Sunday, August 20, 2006

MySQL Connection Management in PHP - How (Not) To Do Things

OK, I think I see what he is explaining, he has a point on the wordpress constructor... they should create the resource static and check if it has been defined already... he focuses on the reuse of the DB object, so if you create a new DB object only use 1 connection. I was hoping for sharing DB connection between sessions.

Sharing a DB connection between PHP instances can be done with pconnect.. but it's not a good idea.

The problem with wordpress is that the connection is opened at the beginning of every page. Multiple times. (There's a separate connection for the body of the page, and the sidebar, and the individual includes in the sidebar, etc etc).

He solved this problem by only opening a connection if a page is actually going to make a request.

The other problem (which he didn't address), is that wordpress holds open a connection for too long, and does too many queries. Loading the frontpage of a standard configuration wordpress blog issues 27 queries over 3 separate connections. Basically, wordpress is a mess. They went include crazy (just look at how many different includes there are for the header alone.. he went 3 includes deep to find the mysql connection).

#####################
First off, Wordpress only uses one connection for everything. Really. Unless you have a plugin or some other code making its own connection, all Wordpress queries are handled through the same connection.

The way it works is that, at the beginning of the execution, an instance of the wpdb class is created. Every query Wordpress does is through this one instance. It has one connection and it maintains it for the life of the execution cycle (until you see the generated page, basically).

What he's talking about is "lazy loading". See, when the instance of this class is created, it connects to the database right then and there. If the rest of the code then goes on and never uses that instance, you wasted your time connecting, yeah? His solution is to wait to actually connect until you need that connection. Basically, his patch eliminates the connection from the class constructor and creates a separate connect() function. Then, the query function is modified to check that a connection exists, and if not, call the connect() function to build one.

The benefit here is that if your page never hits the database for anything, then it never connects at all. This is smarter than the current Wordpress code.

However, it's also unnecessary, really. With Wordpress in particular, it would be extremely difficult to imagine a scenario where it doesn't actually hit the database.
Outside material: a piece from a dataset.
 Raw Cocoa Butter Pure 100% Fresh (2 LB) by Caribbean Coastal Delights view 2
Everything comes from the database. Posts, sidebar content, anything dynamic, it all hits it. So this really isn't saving you anything for your average blog. Yes, he is correct that making the connection lazy makes more sense. However, it's a poor example, because Wordpress virtually *always* uses that database connection. Several times.
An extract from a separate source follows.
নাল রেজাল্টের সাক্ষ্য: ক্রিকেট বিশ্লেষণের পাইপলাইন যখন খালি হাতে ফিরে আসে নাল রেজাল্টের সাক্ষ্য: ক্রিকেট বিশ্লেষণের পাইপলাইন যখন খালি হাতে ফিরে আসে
He also goes on about caching, and yes, caching is good. He doesn't talk about caching with Wordpress, but there are caching hooks in there and plugins which can use them (WP-Cache, for example). This sort of thing implements caching in a very smart manner... smarter than what he's talking about in his code snippets there, certainly. The upshot is that if you use something like WP-Cache, you get everything he's talking about and then some, making Wordpress extremely quick indeed.
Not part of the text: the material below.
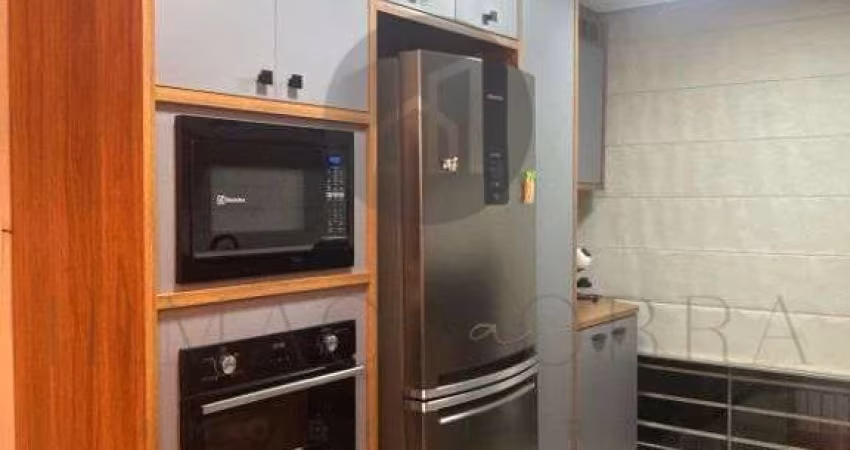 APARTAMENTO MARAVILHOSO BAIRRO A 5 MINUTOS DO CENTRO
Takes some setup, but what doesn't?
##################

Anyone who uses func_get_args() like that needs to look at how they code. That's some seriously ugly code.

But the general concept is completely right and should be used my most apps.

#################
So now that we got the caching idea into our heads what would be the most effective medium for storing your cache?
Is it filesystem? or could we maybe use something like SQlite for it?

memcached from http://www.danga.com/memcached/ is what you're looking for. It's amazing. I'm doing about a billion cache look-ups a day with it on some older hardware. I'm doing with one old server what previously took four nice big new servers.

####################
Interesting - but he's failed on one minor problem - that his caching algorithm uses the file system - a bigger problem than the one he is solving - the only way that this will work efficiently is if the blocks he is including a very complex (either in the SQL queries used OR in the processing that is performed on the output)

It is admittedly easy to produce and reuse the files - but there are problems with large directories if the site is getting into the sort of traffic that requires this sort of caching...

On a test version of our work server we were using file caching (and having to store temporary images) - we managed to break the file system by creating millions of files overnight - the systems team worked out that it would be quicker to reformat the system disk - and re-install the operating system that deleting all the files with rm (calculated time was somewhere near 32 days to remove files created in 12 hours!)